But that wasn’t the only change that affects the personal injury field. There was also a change as to where lawsuits can be brought.
Currently, a lawsuit can generally be brought either in the county where the plaintiff resides, or the county where the defendant resides. Thus, if someone from Manhattan and someone from Suffolk were involved in an auto collision in Nassau — which sits between the two for you non-local readers — the plaintiff could choose either Manhattan or Suffolk as the venue for the lawsuit. But not the county in between where it actually happened.
But late yesterday both the Senate and the Assembly passed a bill to amend that to include also the place where that collision took place, adding the words in all caps to CPLR 501(a):
Except where otherwise prescribed by law, the place of trial shall be in the county in which one of the parties resided when it was commenced; THE COUNTY IN WHICH A SUBSTANTIAL PART OF THE EVENTS OR OMISSIONS GIVING RISE TO THE CLAIM OCCURRED; or, if none of the parties then resided in the state, in any county designated by the plaintiff.
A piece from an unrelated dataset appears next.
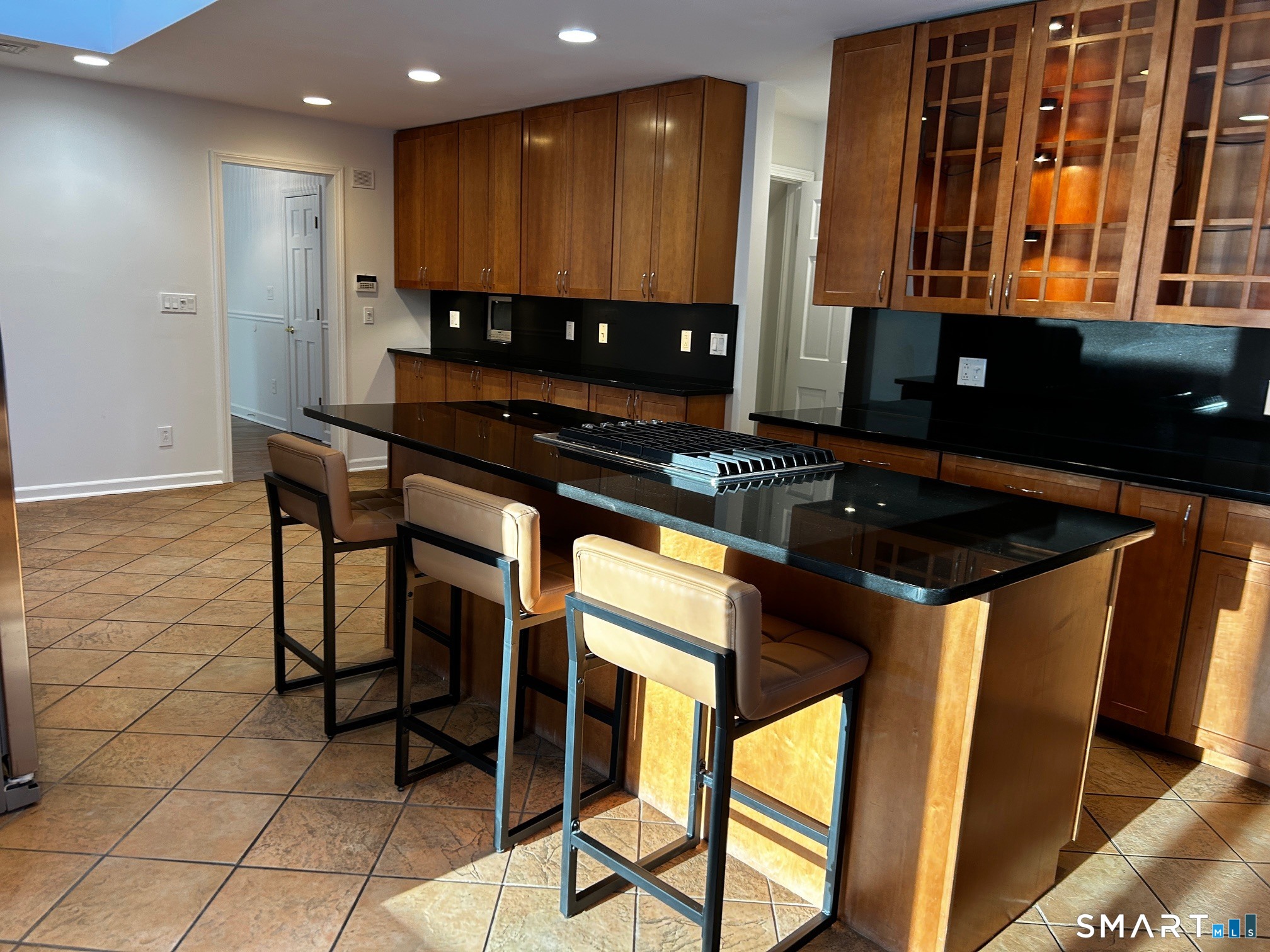 97 Godfrey Road Fairfield, CT 06825 - Photo 9 of 33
A party resident in more than one county shall be deemed a resident of each such county.
While this provides a bit more flexibility for the individual that chooses the forum, the practical application is that one may now bring suit where important eye witnesses are most likely located, thereby increasing the chance one will be able to get them into court for trial.
A good tool for the lawyer’s toolbox. The bill passed with very wide bipartisan support and now goes to the Governor for signature.